(Beginning of Records provided)
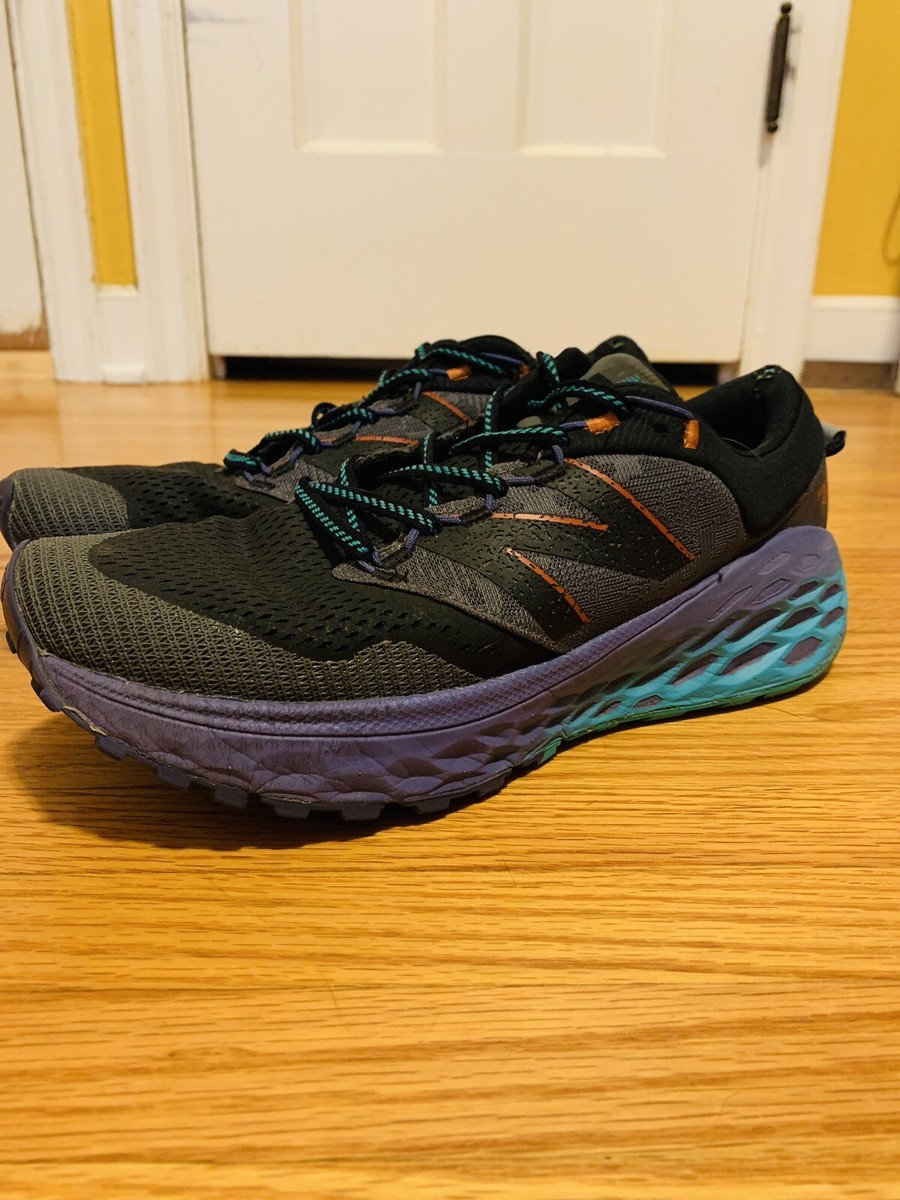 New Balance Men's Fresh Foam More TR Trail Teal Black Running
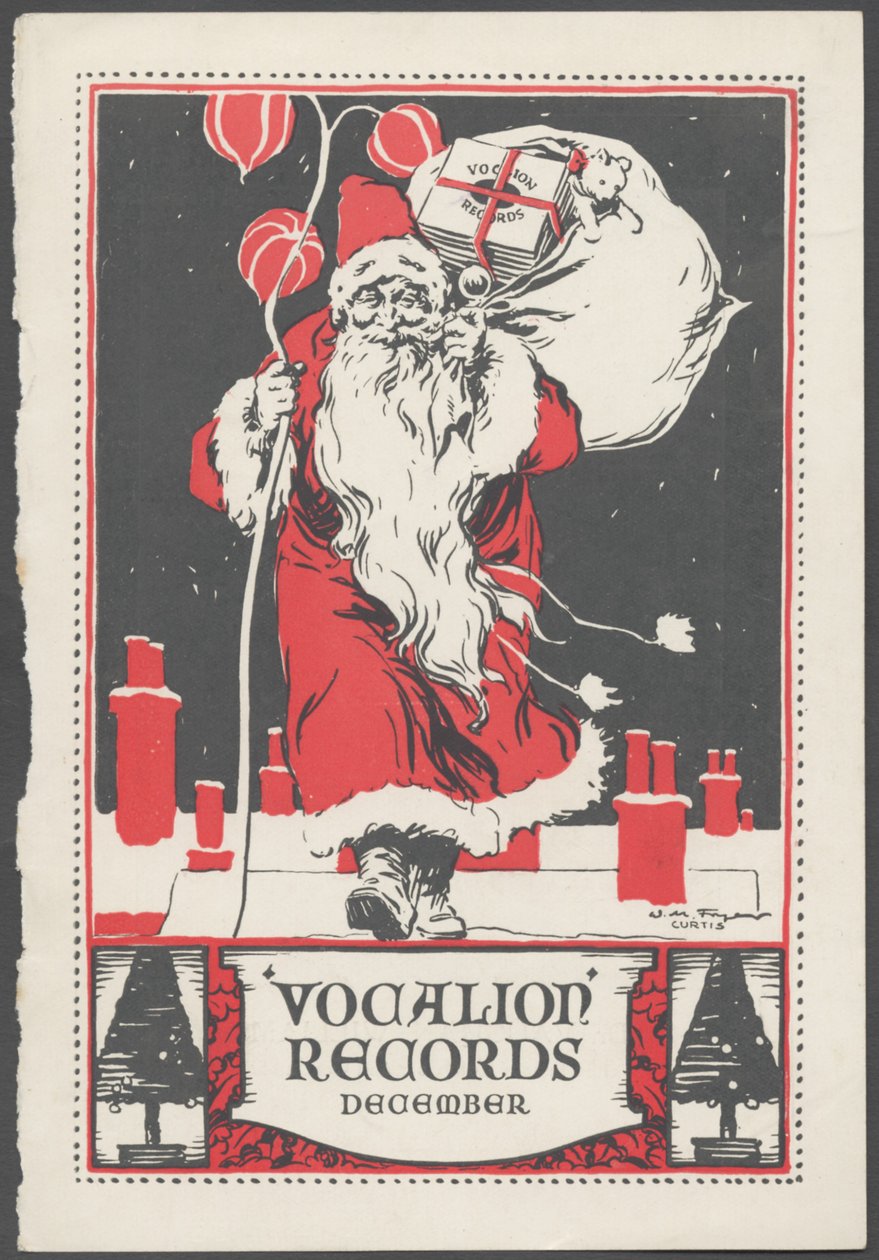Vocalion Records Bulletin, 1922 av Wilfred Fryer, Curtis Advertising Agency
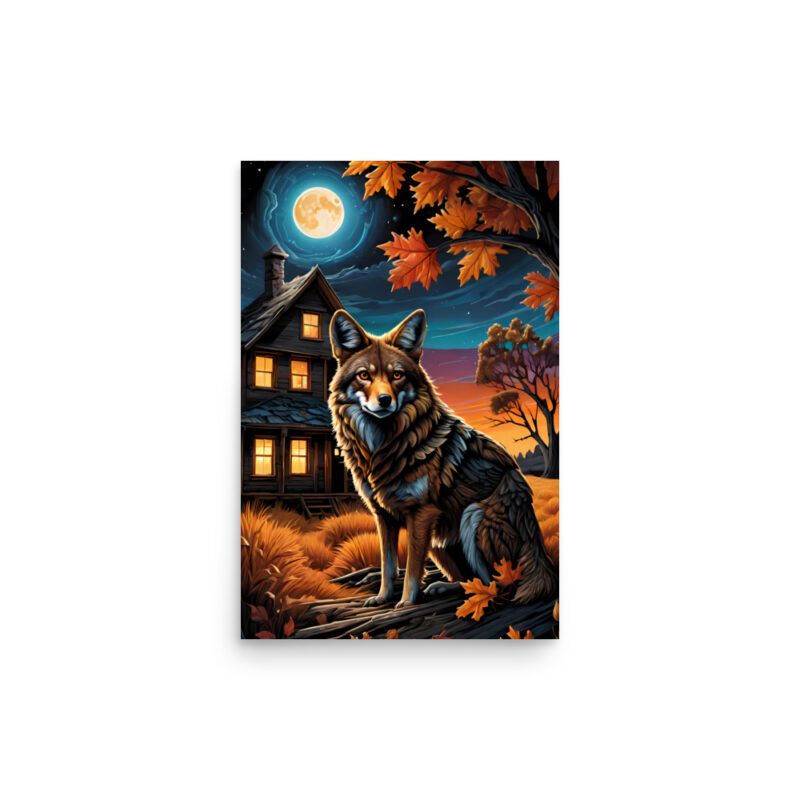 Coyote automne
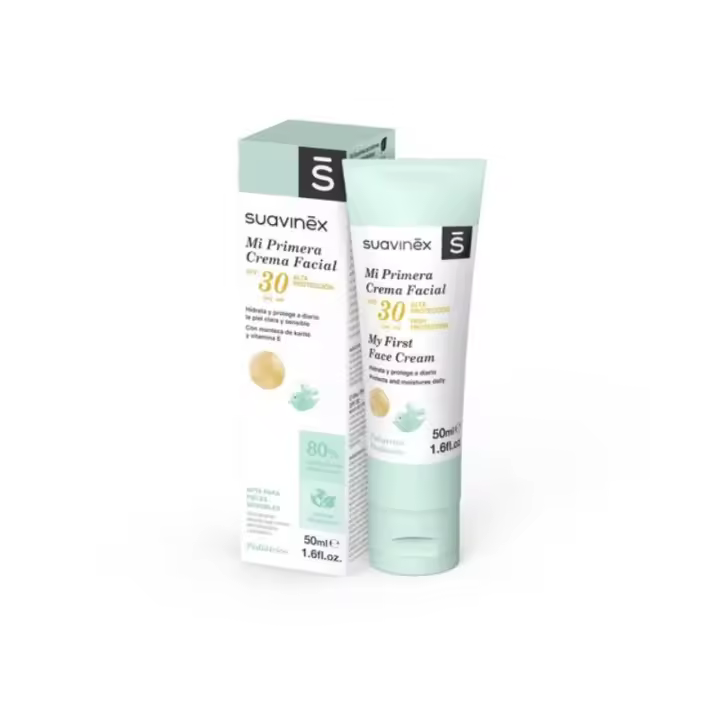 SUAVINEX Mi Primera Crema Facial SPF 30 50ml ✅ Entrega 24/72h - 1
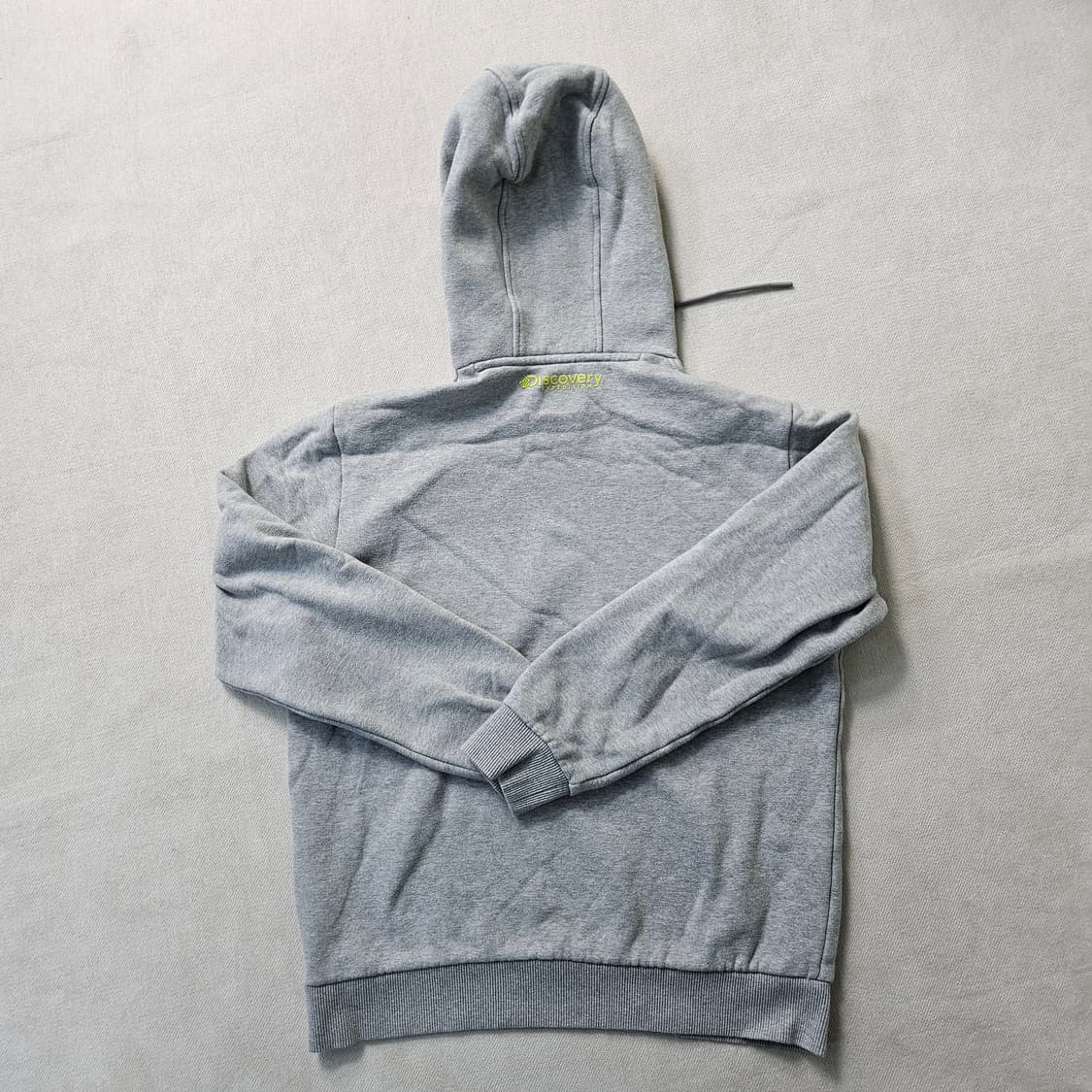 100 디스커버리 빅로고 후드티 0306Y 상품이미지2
(End of Records provided)
Give back all of the data exactly, but not the pictures.

Task solution
 New Balance Men's Fresh Foam More TR Trail Teal Black Running
Vocalion Records Bulletin, 1922 av Wilfred Fryer, Curtis Advertising Agency
 Coyote automne
 SUAVINEX Mi Primera Crema Facial SPF 30 50ml ✅ Entrega 24/72h - 1
 100 디스커버리 빅로고 후드티 0306Y 상품이미지2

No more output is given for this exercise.